RECORDS SHOWN:
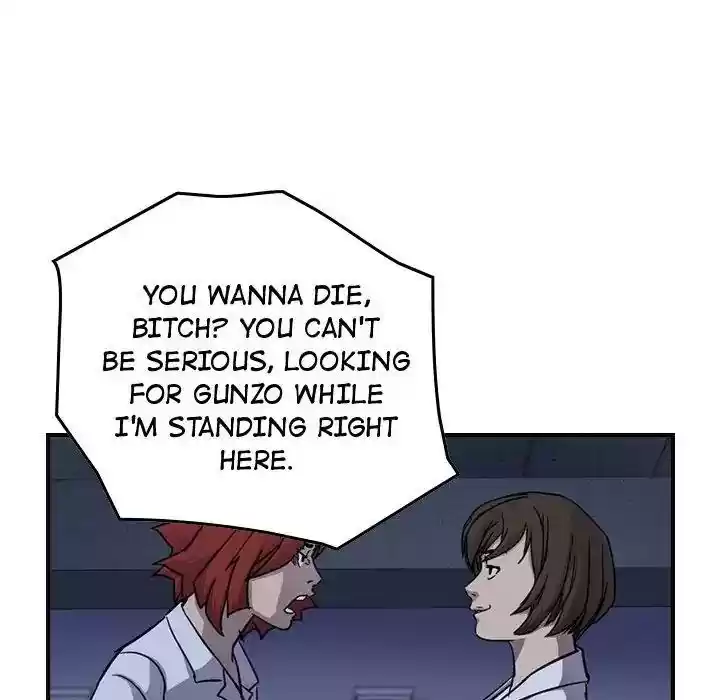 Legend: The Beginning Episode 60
--
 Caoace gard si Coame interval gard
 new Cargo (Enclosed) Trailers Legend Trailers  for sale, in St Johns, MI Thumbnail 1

GOAL OF THE EXERCISE: Your answer should be the lines above from the one containing "Caoace gard si Coame interval gard" through the one containing "new Cargo (Enclosed)", copied exactly and with both ends kept.

ANSWER TO THE PROBLEM:
 Caoace gard si Coame interval gard
 new Cargo (Enclosed) Trailers Legend Trailers  for sale, in St Johns, MI Thumbnail 1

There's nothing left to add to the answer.